**Dataset content**.
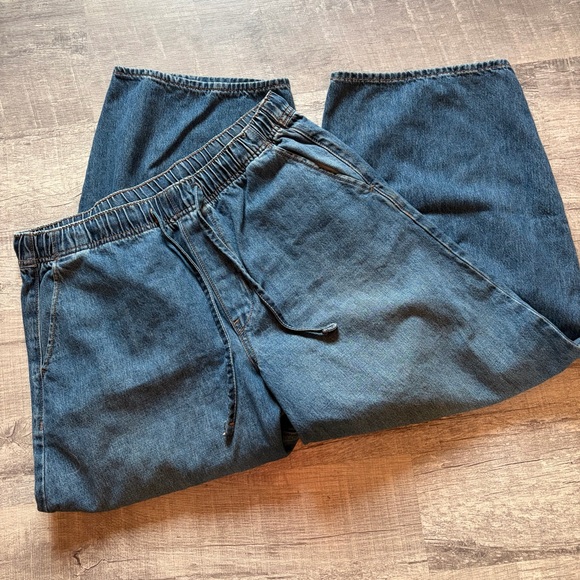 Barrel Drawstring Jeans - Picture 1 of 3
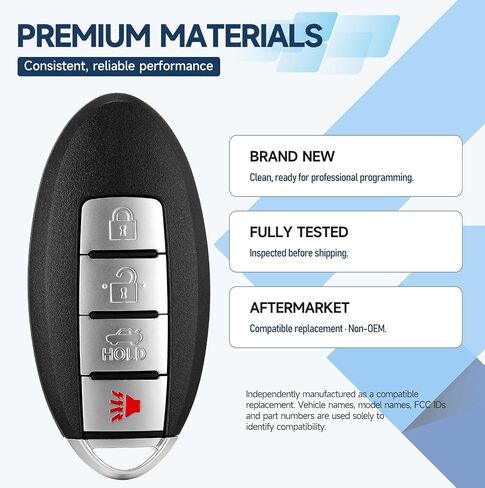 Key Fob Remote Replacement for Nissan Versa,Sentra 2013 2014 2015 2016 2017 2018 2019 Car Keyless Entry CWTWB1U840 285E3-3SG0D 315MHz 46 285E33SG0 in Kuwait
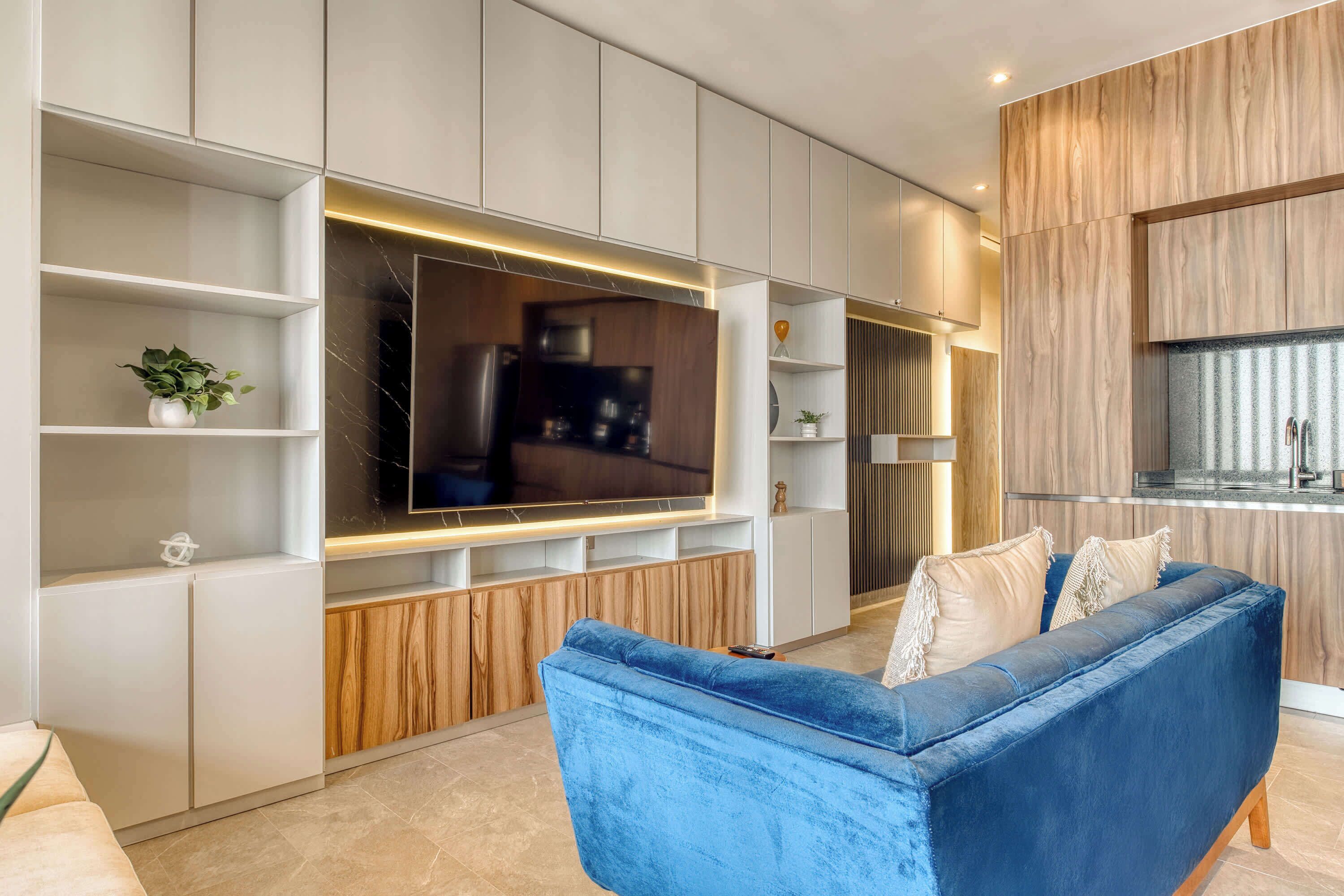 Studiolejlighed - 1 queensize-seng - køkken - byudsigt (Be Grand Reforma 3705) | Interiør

**What is required**. Would you print the whole listing exactly, omitting the pictures?

**Reply to the task**.
 Barrel Drawstring Jeans - Picture 1 of 3
 Key Fob Remote Replacement for Nissan Versa,Sentra 2013 2014 2015 2016 2017 2018 2019 Car Keyless Entry CWTWB1U840 285E3-3SG0D 315MHz 46 285E33SG0 in Kuwait
 Studiolejlighed - 1 queensize-seng - køkken - byudsigt (Be Grand Reforma 3705) | Interiør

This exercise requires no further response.